_What the exercise asks_: Look through the entries below and copy exactly the part that begins with the line containing "Блок предохранителей салонный" and ends with the line containing "Vano / Cassetto". Do not copy the pictures.

_Materials provided_:
-*-

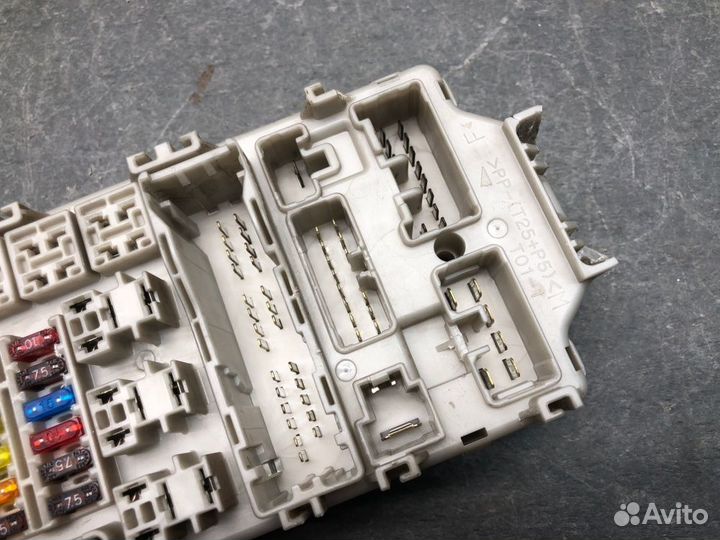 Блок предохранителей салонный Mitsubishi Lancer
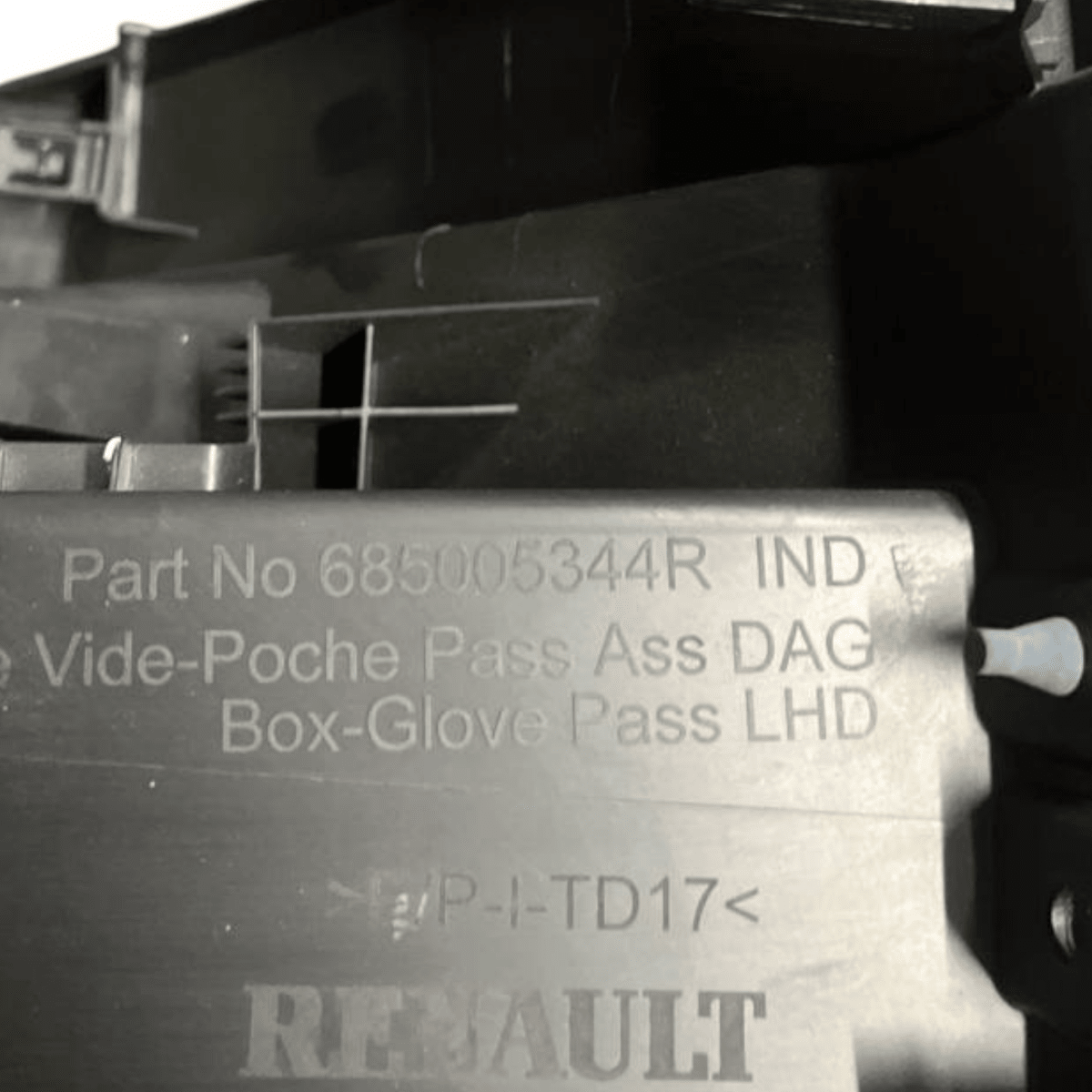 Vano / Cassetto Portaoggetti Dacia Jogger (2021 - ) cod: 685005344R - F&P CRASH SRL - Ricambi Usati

-*-

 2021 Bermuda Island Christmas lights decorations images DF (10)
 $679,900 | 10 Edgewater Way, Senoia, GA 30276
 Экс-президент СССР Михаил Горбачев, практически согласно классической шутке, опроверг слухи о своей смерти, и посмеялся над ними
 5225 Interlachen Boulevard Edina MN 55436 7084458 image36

-*-

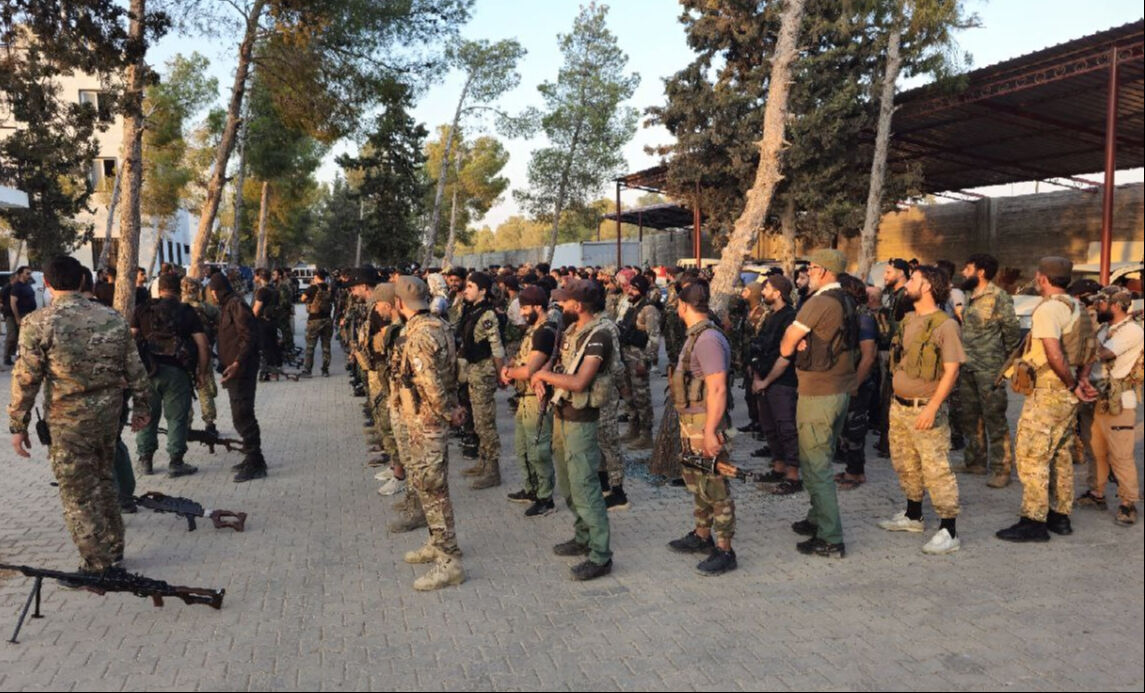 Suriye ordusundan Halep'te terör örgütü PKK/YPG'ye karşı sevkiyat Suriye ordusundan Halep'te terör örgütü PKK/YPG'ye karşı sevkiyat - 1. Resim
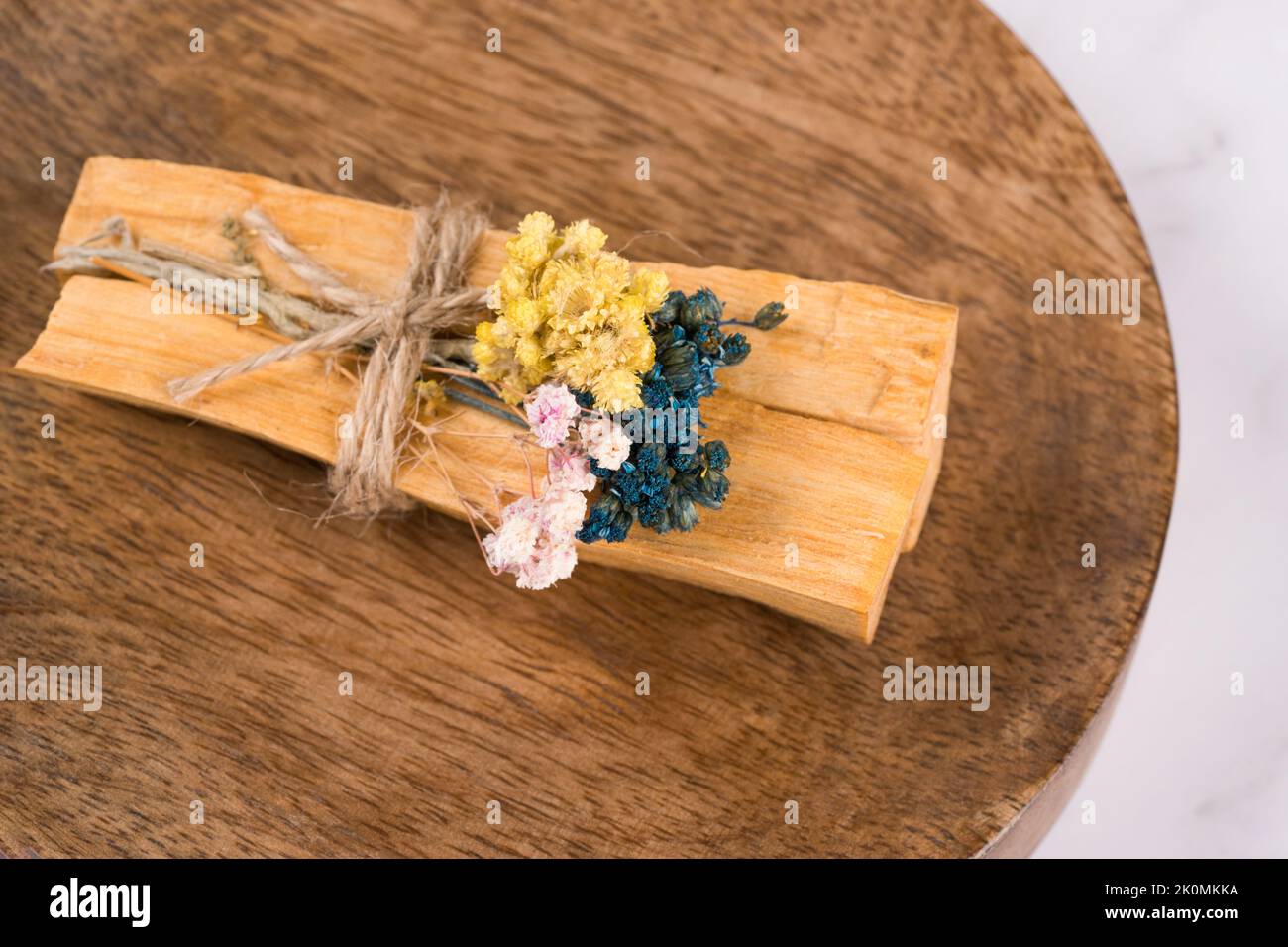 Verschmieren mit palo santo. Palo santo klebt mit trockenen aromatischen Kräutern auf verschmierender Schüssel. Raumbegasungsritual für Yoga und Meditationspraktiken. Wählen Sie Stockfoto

-*-

_Your solution_:
 Блок предохранителей салонный Mitsubishi Lancer
 Vano / Cassetto Portaoggetti Dacia Jogger (2021 - ) cod: 685005344R - F&P CRASH SRL - Ricambi Usati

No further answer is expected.